When working with a FastSlam2.0 algorithm, ICP Scan Matching is supposed to give more accurate measurements than odometry.
The problem is, that given some noisy measurements from the laser scanner, when the robot is stationary, or doing relative small movements, the dispersion from the ICP scan matching is greater than the dispersion from the odometry, especially if working with grid maps instead of landmarks.
In a set of tests I have performed with a simulated laser scanner and a grid map, this is true even for not noisy data. A relatively small movement (0.1m) changes all the points in the scan cloud, and the ICP algorithm can diverge from the expected result. The odometry behaves better in this case.
However, when working with relative big movements from step to step (1m), scan matching will perform better than odometry.

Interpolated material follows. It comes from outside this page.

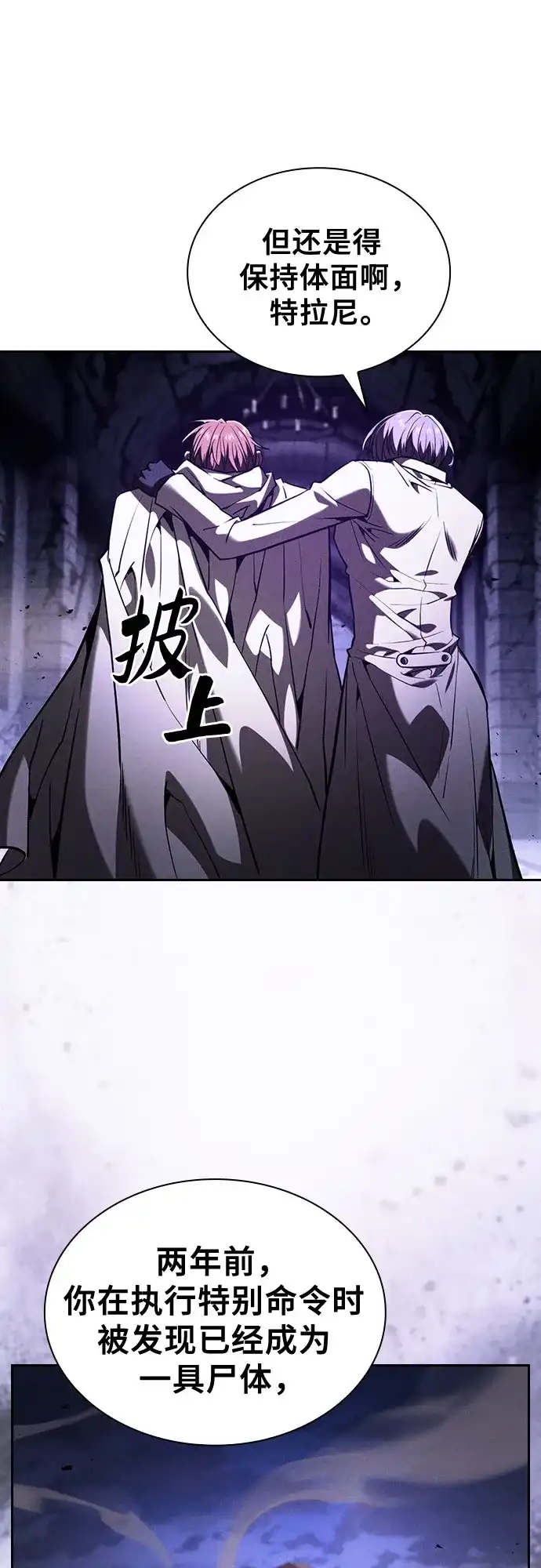 第140话-皇家学院的天才剑豪-SeoGwando,C.H（第11张）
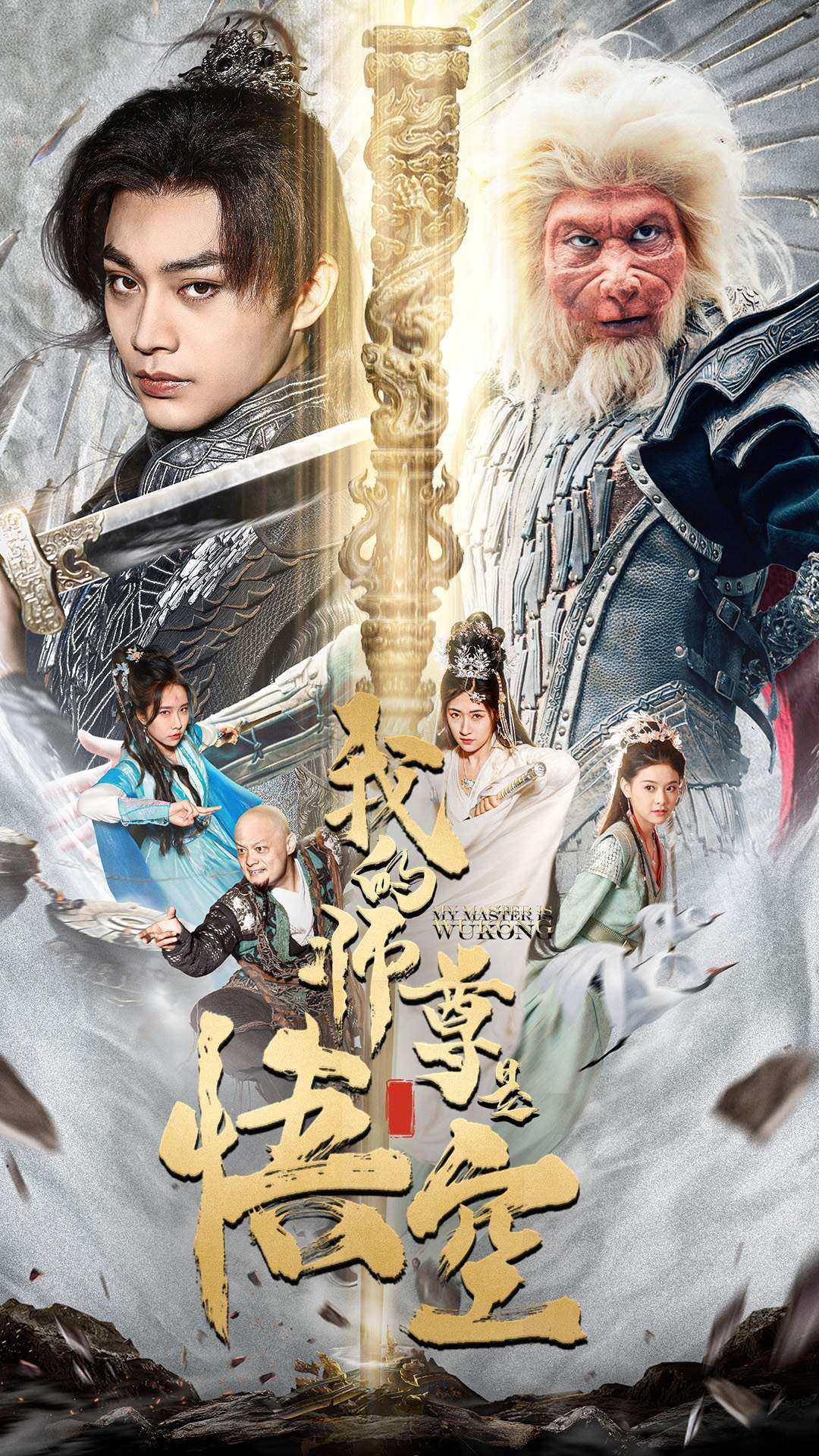 我的师尊是悟空 第02集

The question is, what is the typical time interval o distance interval to perform the FastSlam2.0 algorithm? If that interval is small, or the robot makes small distance increments, how is it possible to avoid this problem?
To illustrate better the problem, here are 2 simulations.
Cyan dots represent the odometry different hypotheses without scan matching. Red dots represent the odometry different hypotheses with scan matching. Green dot represents the odometry readings. Black line (straight) represents the robots real movement (this is the particle that generate the simulated scans for the scan matching).
First one with simulated speed = 1 m/s and simulated time step = 0.5 s.
Second one, simulated speed = 1 m/s and simulated time step = 0.1 s.
Performance of the scan matching with time step = 0.5 is really good, whereas the performance of the scan matching with time step = 0.1 behaves way worse that just odometry.
If there is no way to solve this, then, what are the typical time steps for a real FastSlam 2.0 Application?
In the end, the best approach I have found is to apply scan matching if the displacement is high enough. If not, apply only odometry.